### Exercise aim
Each and every line below goes into your answer unchanged, but leave out the images.

### Available data
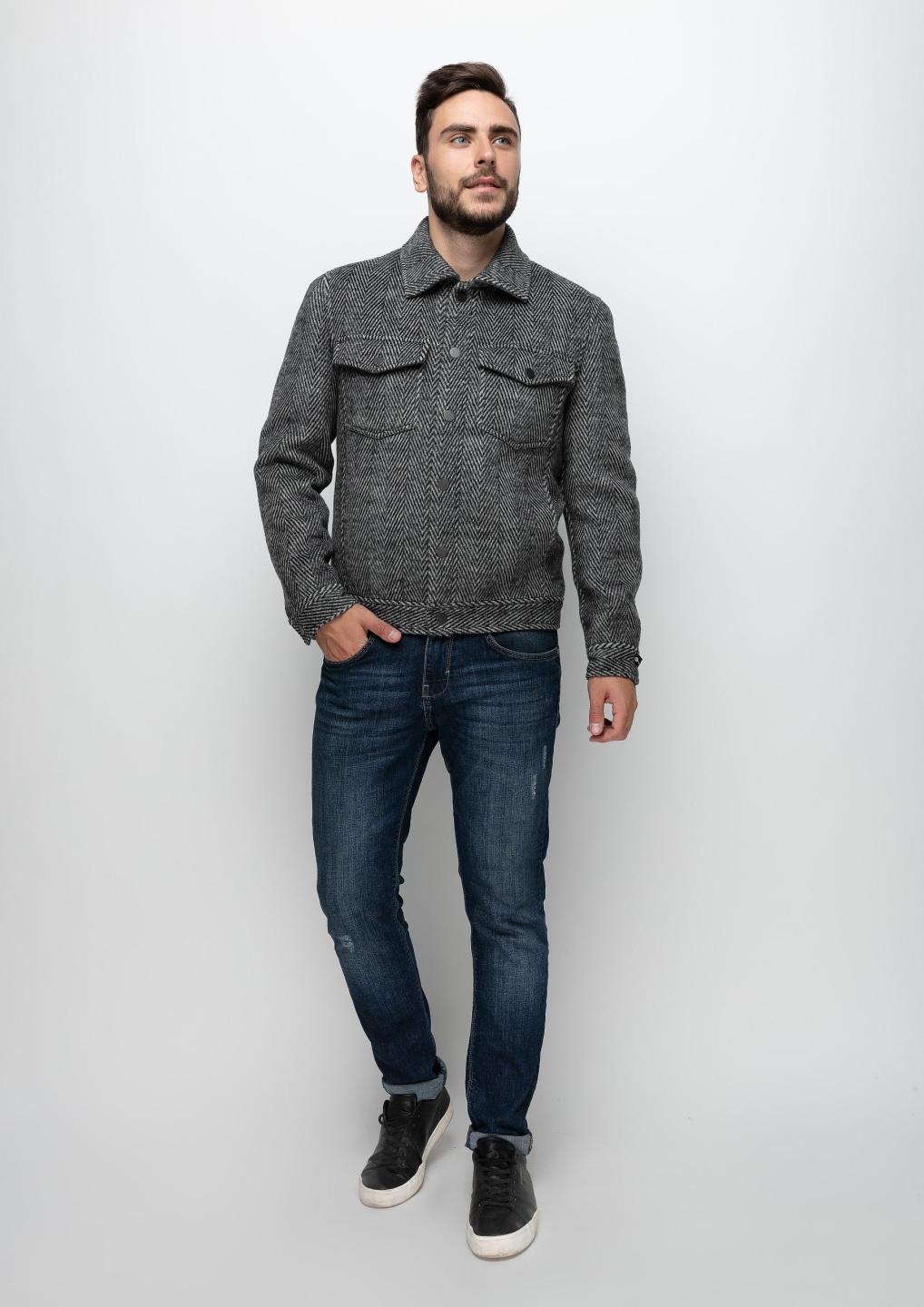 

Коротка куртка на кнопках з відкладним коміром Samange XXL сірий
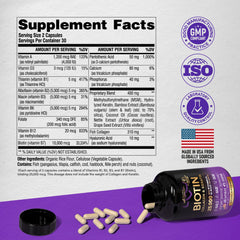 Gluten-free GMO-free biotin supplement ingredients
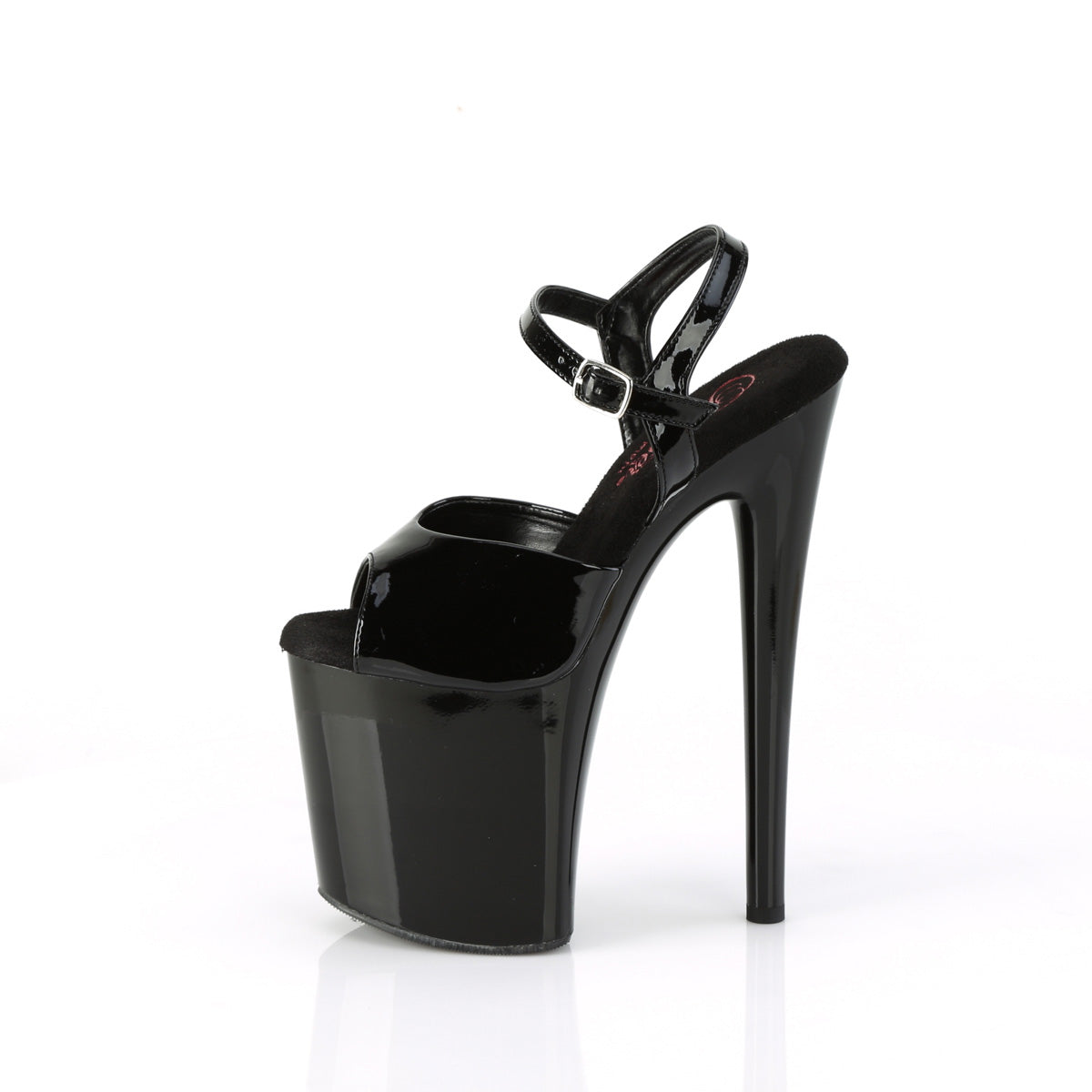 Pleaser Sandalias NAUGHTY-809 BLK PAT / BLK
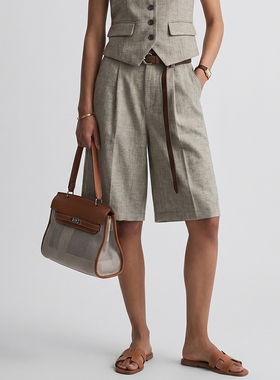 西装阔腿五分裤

### Result of the task
Коротка куртка на кнопках з відкладним коміром Samange XXL сірий
 Gluten-free GMO-free biotin supplement ingredients
 Pleaser Sandalias NAUGHTY-809 BLK PAT / BLK
 西装阔腿五分裤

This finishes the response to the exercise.